*** Data extract

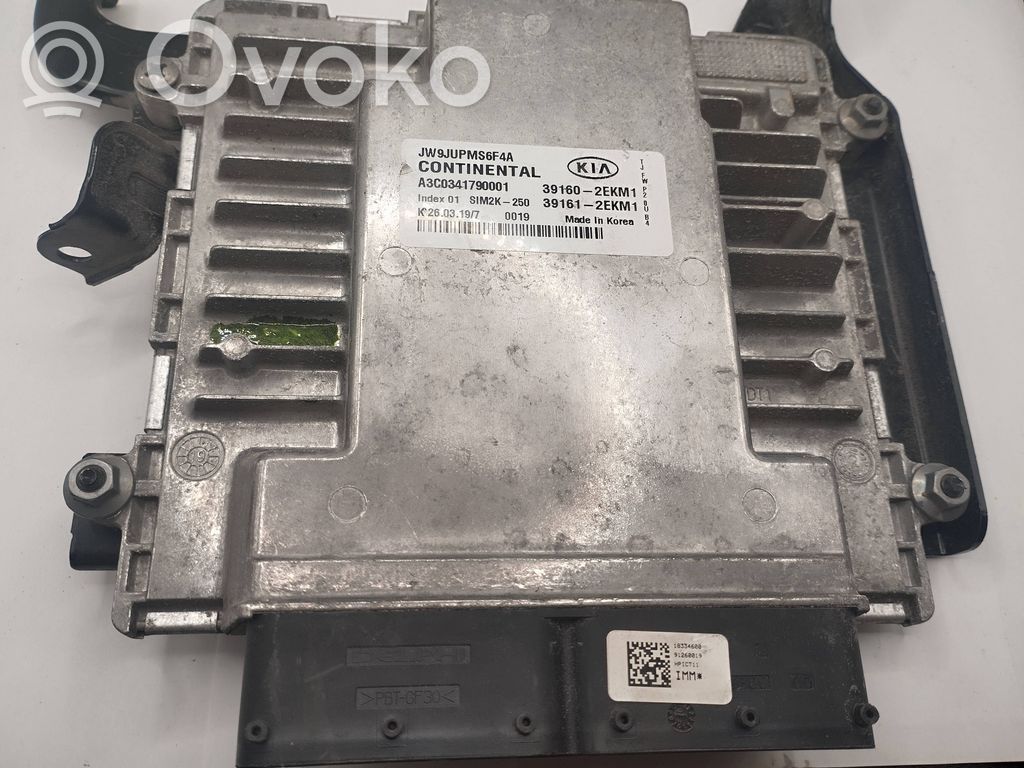Engine control unit/module   A3C0341790001,391602EKK1,391612EKK1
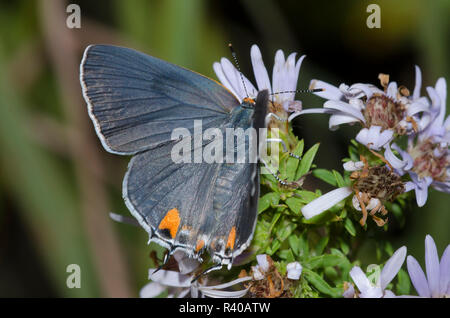 Grau Hairstreak, Strymon melinus, Aster, Symphyotrichum sp. Stockfoto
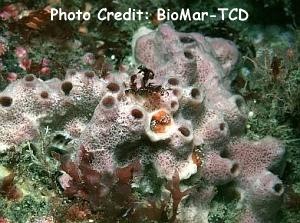  Haliclona viscosa (Flesh Sponge)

******

#### Work to complete
Leave out the images and repeat the rest of the data word for word.

#### Reply to the exercise
Engine control unit/module   A3C0341790001,391602EKK1,391612EKK1
 Grau Hairstreak, Strymon melinus, Aster, Symphyotrichum sp. Stockfoto
  Haliclona viscosa (Flesh Sponge)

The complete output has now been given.